An ageing population
When looking at the safest industries, a common theme is the effect of Australia's ageing population. The increase in the number of baby boomers moving out of the workforce is significantly affecting the risk of a number of industries. The trailers and caravan dealers industry is an example of an industry facing a period of relatively low risk, with the industry in the growth phase of its life cycle as a result of demand from travelling and comparatively wealthy retirees.
General hospitals are also benefiting from increased demand as a result of the ageing population, as well as increased private health insurance membership. Increasing government funding, high barriers to entry and low levels of volatility all contribute to a relatively low risk score for the general hospitals industry.

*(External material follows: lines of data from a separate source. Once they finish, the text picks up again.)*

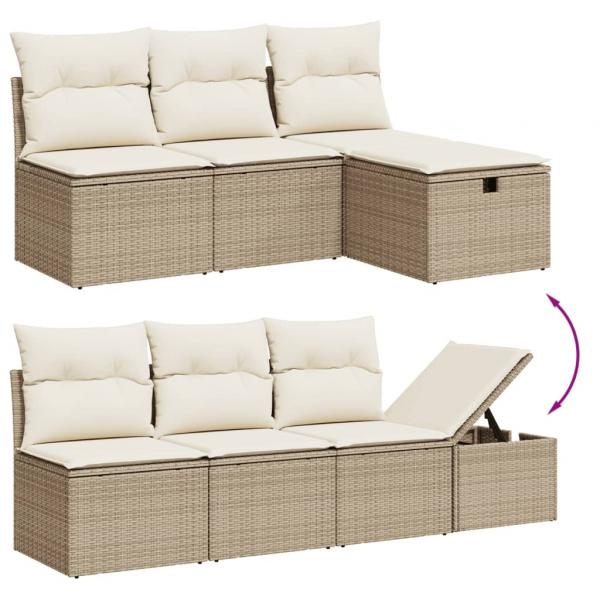 9-tlg. Garten-Sofagarnitur mit Kissen Beige Poly Rattan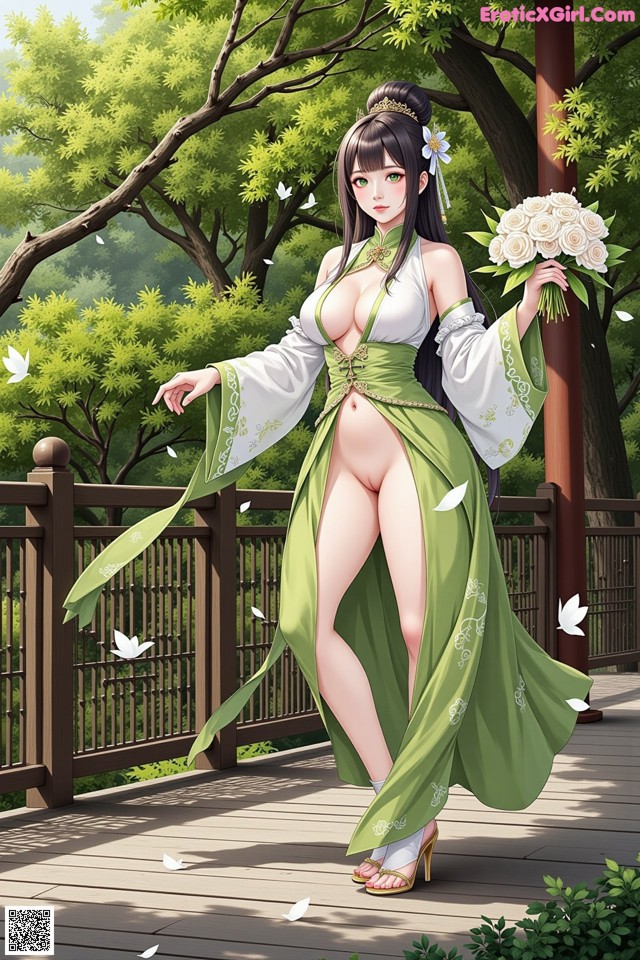 A woman in a green dress holding a bouquet of flowers.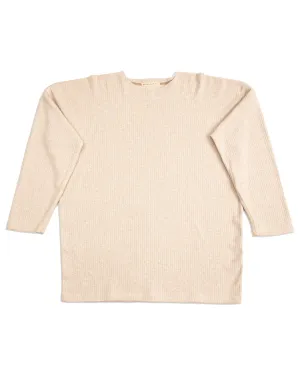 Extra Cotton Rib Crewneck L/S - Ecru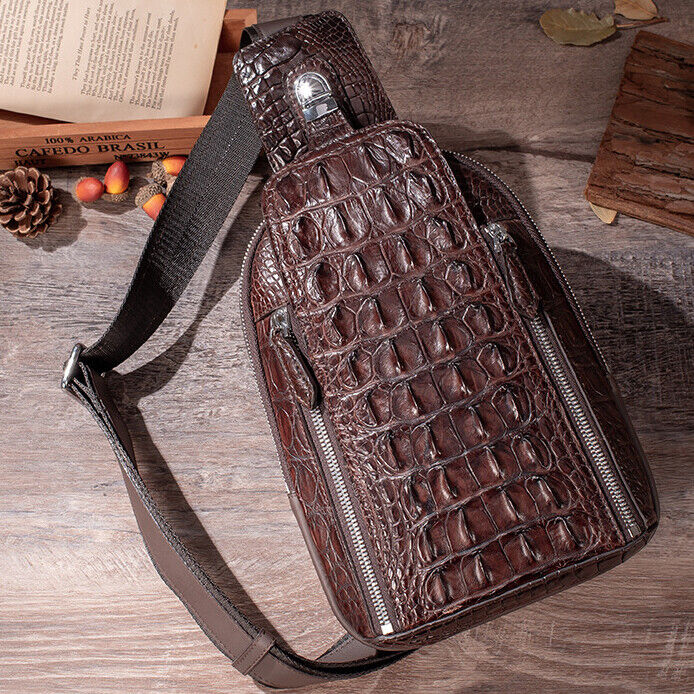 100% Crocodile Alligator Skin Leather Crossbody bag, Men's Luxury Sling Backpack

Superannuation funds have significantly benefited from government legislation that sets minimum superannuation contributions for employers. With approximately $838 billion in funds currently under management, earnings from management fees have been increasing rapidly. The superannuation funds management services industry is expected to grow at a compound annual rate of 10.2 per cent over the five years through 2014-15 and 8.1 per cent per annum over the next five-year period.
The custody, trustee and stock exchange services industry has also benefited from growth in superannuation funds. This has led to a rising number of stock market trades and increases in advisory services. "The ageing population has fuelled increasing inflows to this industry through people seeking to increase their retirement income," said Magner. This trend is expected to drive annualised revenue growth of 7.6 per cent over the five years through 2014-15. Consequently, industry risk is at a low level.
The remaining five safest industries, waste remediation and materials recovery services, veterinary services, payroll and other office administrative services, casinos, poultry processing, and crisis and care accommodation, span disparate areas of the Australian economy. These industries, however, display a number of common characteristics, which contribute to low risk scores. These include relatively low revenue volatility, a low level of international trade and medium levels of competition.
"Rising household disposable income and continued population growth are combining to contribute to steady demand in these largely stable industries," concluded Magner.